• **The problem**
Only the lines from the one containing "piano qiymətləri: Piano, Kuban" to the end of the data below belong in the answer, each repeated exactly; no pictures.

--- Task material ---

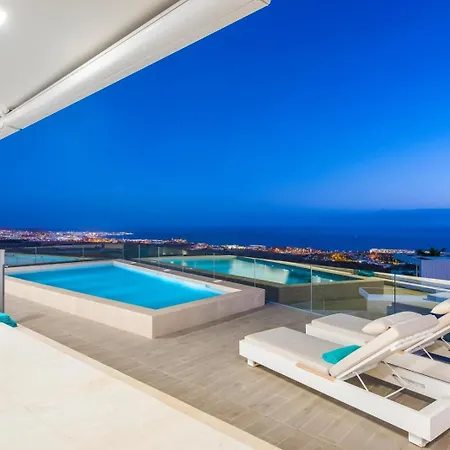 فيلة Luxliving Tenerife Serenas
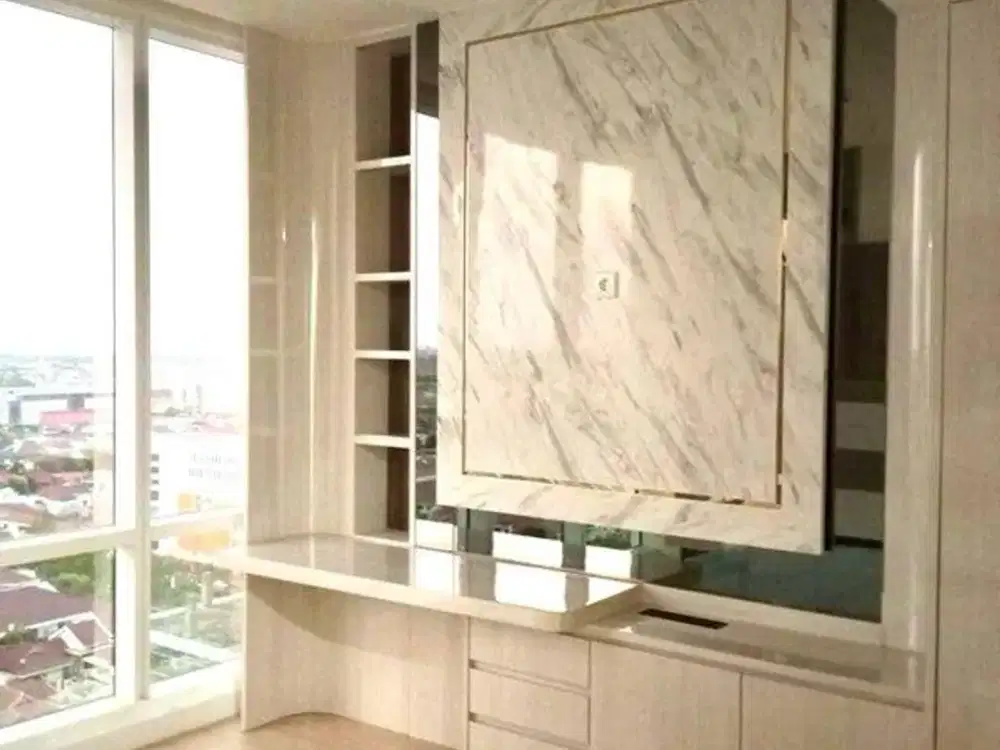 Dijual/Disewakan Apartemen Luxury di atas Galaxy Mall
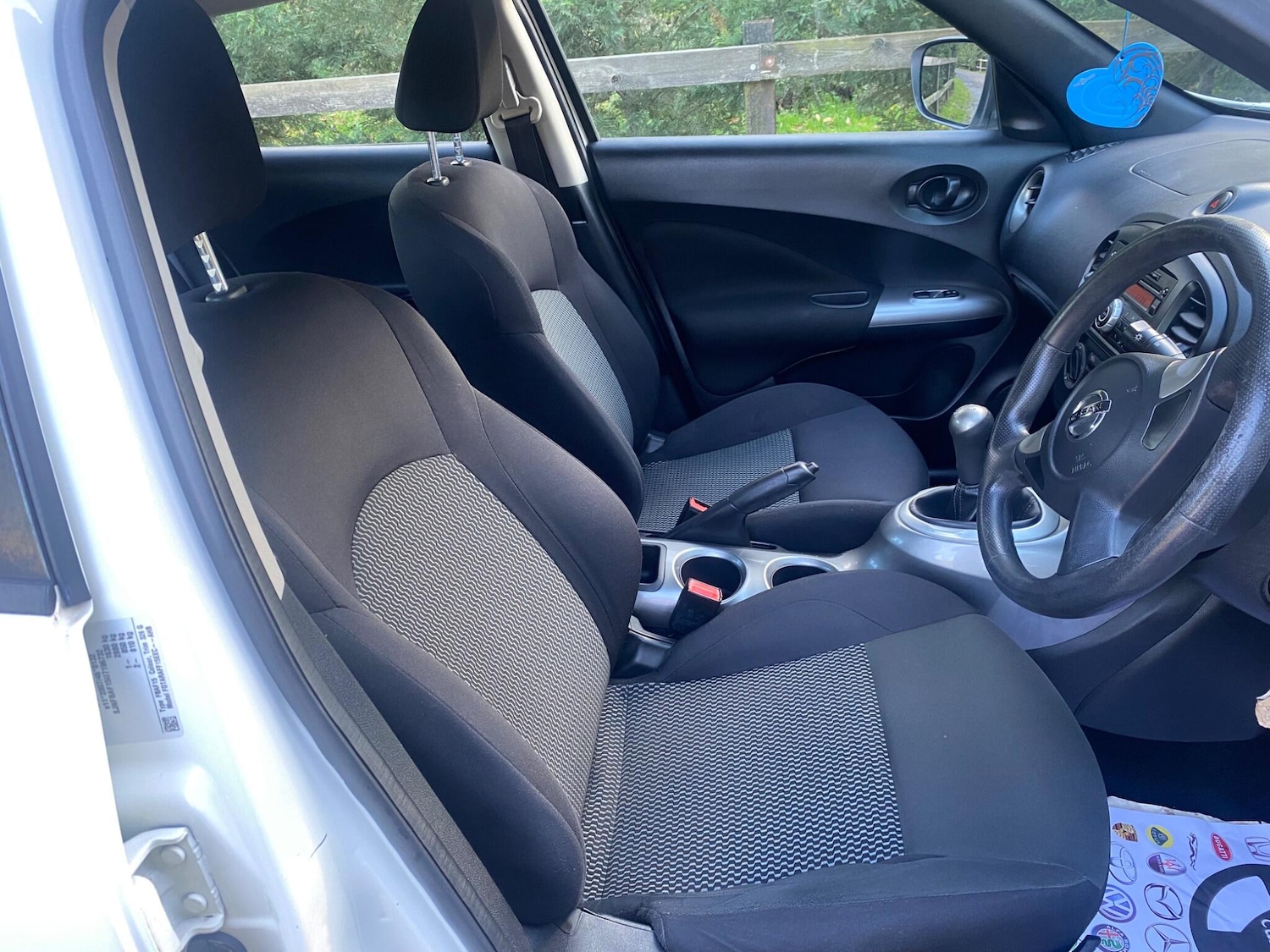 Used Nissan Juke 2016 for sale - 76239597: Photo 51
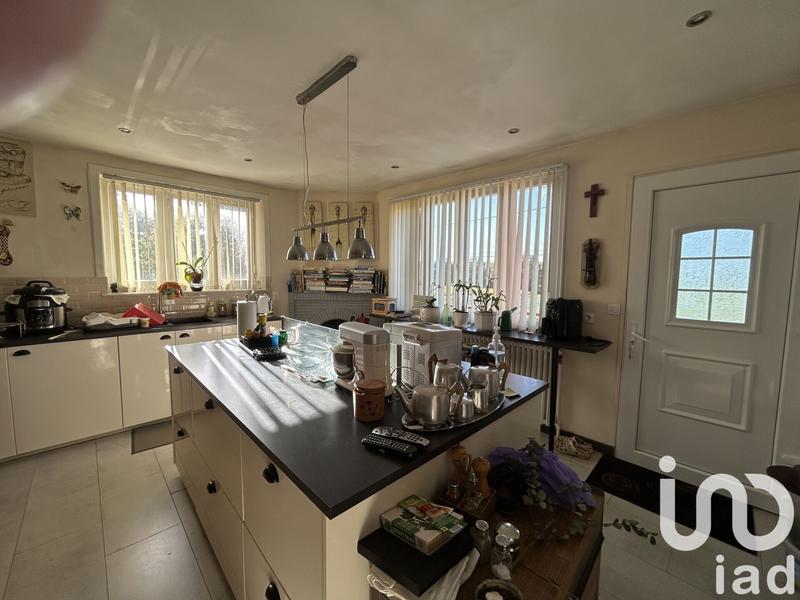 Maison - 152 m² - 6 pièces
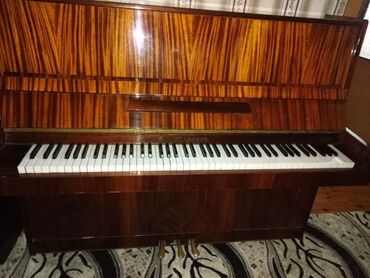 piano qiymətləri: Piano, Kuban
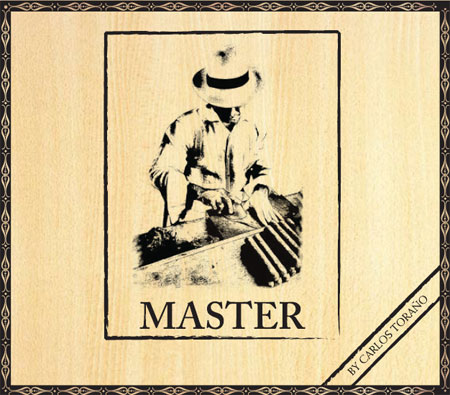 Cigar Release: Master by Carlos Toraño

---

• **Answer box**
 piano qiymətləri: Piano, Kuban
 Cigar Release: Master by Carlos Toraño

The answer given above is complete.